И вот тут впервые является спасительный для всех лунный свет: «Он отворил дверь, но замер на пороге, поражённый сказочным, невиданно ярким лунным светом». Всё дальнейшее аббат воспринимает сквозь флер лунного света. В душу аббата впервые закрадывается сомнение: «Если ночь предназначена для сна… зачем же она прекраснее дня, нежнее утренних зорь и вечерних сумерек?»

Ответ аббат находит в развязке, совпадающей с кульминацией. Он видит свою племянницу с кавалером и долго любуется ими, оставаясь незамеченным. «Они вдруг оживили неподвижный пейзаж, обрамлявший их, словно созданный для них фон». И вот уже в сознании аббата пробудились библейские цитаты, совершенно противоположные тем, на которые он привык опираться, мысленно рассуждая об искушении, идущем от женщины. Ему вспоминаются «Книга Руфь» и «Песня песней».

«Значит, Господь дозволил людям любить друг друга, если он окружает их любовь таким великолепием. И он бросился прочь, смущённый, почти пристыженный, словно украдкой проник в храм, куда он не имел права вступать».

Образы и тропы

Мопассан – мастер «говорящей» детали.
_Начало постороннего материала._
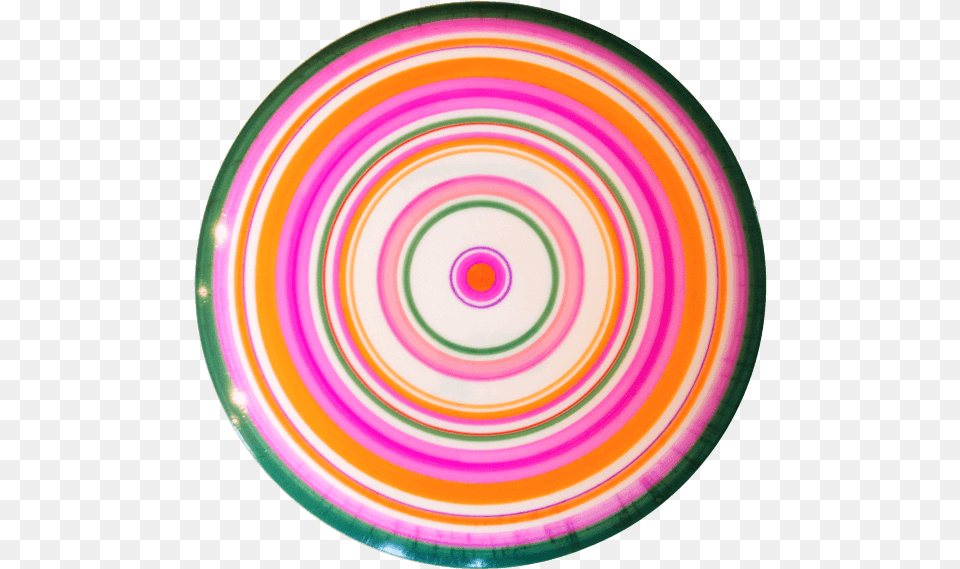 Circle, Plate, Spiral Png Image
Буквально каждая фраза этой короткой новеллы, особенно первая и последняя, содержит подобную деталь.

Так, утверждая в первой фразе, что аббату «шло его воинственное имя», автор фактически напоминает французскому читателю о двух великих победах французской армии близ итальянского города Меленьяно (по-французски – Мариньян): над швейцарцами в 1515 г. и над австрийцами в 1859 г. Так невольно у читателя возникает вопрос: а кого же теперь победят французы? В финале оказывается, что побеждает любовь. Она побеждает узость и ненависть. Но когда звучат последние слова новеллы – о том, что аббат ненароком проник в храм, «куда он не имел права вступать» (ou il n’avait pas le droit d’entrer), – то это напоминание о церковно-юридической стороне дела, т. е. о целибате католического священника, также оказывается не фигурой речи, а неоспоримым фактом.

По контрасту с образом аббата Мариньяна, сложенного из «буквы» библейского закона и «положений» церковной юриспруденции, даны два также ключевых образа новеллы – юная племянница и лунный свет. Эта безымянная племянница аббата ребёнком порхает по полям и целует бабочек и звёздочки сирени. А лунный свет нарушает все каноны изображения жизни, все пропорции великого и малого, верного и неверного.

Именно лунный свет, которым насквозь пронизана вся финальная часть новеллы, является её образным центром и многократно варьируется в метафорах и эпитетах

Лунный свет «ласковый и мягкий» – «полувуаль, наброшенная на мир» (demi-voile jete sur le monde). Он превращает ночь в «серебряную и безмятежную». Он серебристая рама и нежный фон ночного пейзажа, и в его нежном свете преображаются тени влюблённых.